東山魁夷か!と突っ込みたくなるほどのこの美しさを銀閣の二階の窓から覗く。障子を上げればこの朧月。あまりにも、あまりにもで震えがくる。虚空の感傷はとめどない。
 
僕の目の前には銀沙灘に煌めく月が出ている。しかし実際のところ、今宵の朧月では照度が低すぎるだろう、などと御託を並べてみる。ないものねだりができるのが妄想のいいところではないか。
 
以前は北山の金閣の中にも入れたそうだが、あれは金閣炎上よりも前の話だ。炎上の折はさぞかし美しかったであろう。頽廃の美、滅失の美は何ものにも代えがたいほどの興奮と感動があるはずだ。と炎上する発言をしてみるのも一興。
昔は良かった。と、どこかで見た写真が語りかける。私のような魔物とて、文化の長い歴史の中のほんの一瞬を垣間見るだけなのだ、と知ったようなことを言ってみる。現実逃避ほど心地よいものなし。これが魔物の魔物たる由縁。
 
私が銀閣の窓から見た月、あれも幻だったろうか。やけに鮮明な臨場感を持つ記憶が脳髄をノックする。
ただ、あの銀閣に一般客の私が入れるのか?とはいえ私は祇園・八坂の塔に入り、てっぺんまで登ったことがある人間。これは至極硬い事実としてある。なにが起きてもおかしくはないのが世の常。

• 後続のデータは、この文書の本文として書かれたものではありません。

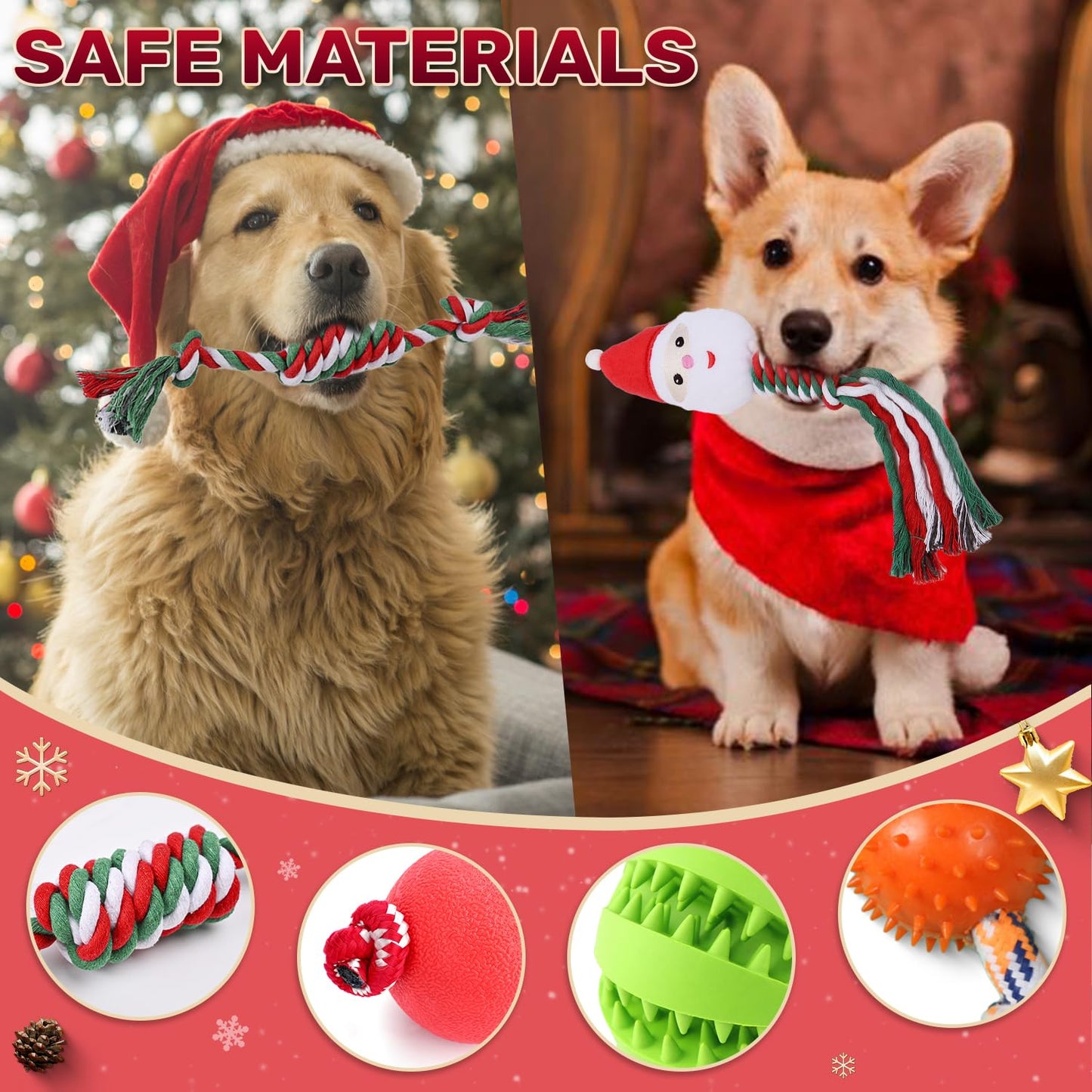 Dog Advent Calendar 2024, Christmas Dog Toys with Chew Ropes Squeaky Balls Teething Toys Dog Bow Tie Collars Bandana, 24 Set Christmas Countdown Calendar Gift for Dog Puppy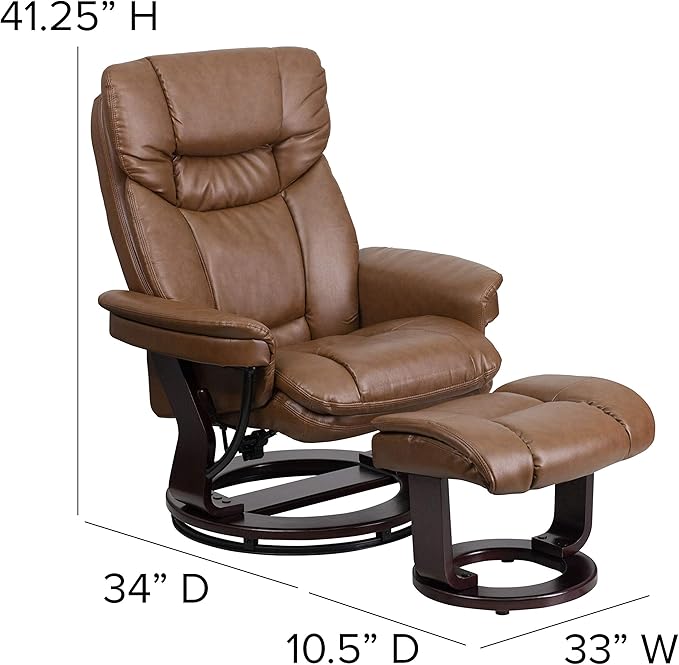 Flash Furniture Allie LeatherSoft Upholstered Recliner with Footrest Arms and Headrest Padded Swivel Recliner Chair and Ottoman Set Palimino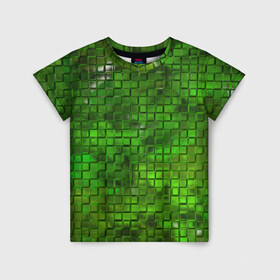 Детская футболка 3D с принтом Зелёные кубики в Санкт-Петербурге, 100% гипоаллергенный полиэфир | прямой крой, круглый вырез горловины, длина до линии бедер, чуть спущенное плечо, ткань немного тянется | дизайн | искусство | кубики | мозаика | поверхность | рельеф | стена | стиль | текстура | фон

世の幻想。
 
ああ、銀沙灘、向月台。
慈照寺銀閣は月を愛でるためにあるもの。銀閣のあの二階から手を伸ばしたところに月は出るのだから。
今宵の朧月を向月台の上に据えてみる(πの値を代入してみよ)。なんとも怪しげでせつない風情ではないか。
ところでこの春霞。はるか大陸から押し寄せたPM2.5でできているとか、なしだぜ。


小牧部長さま
今週もよろしくお願いいたします。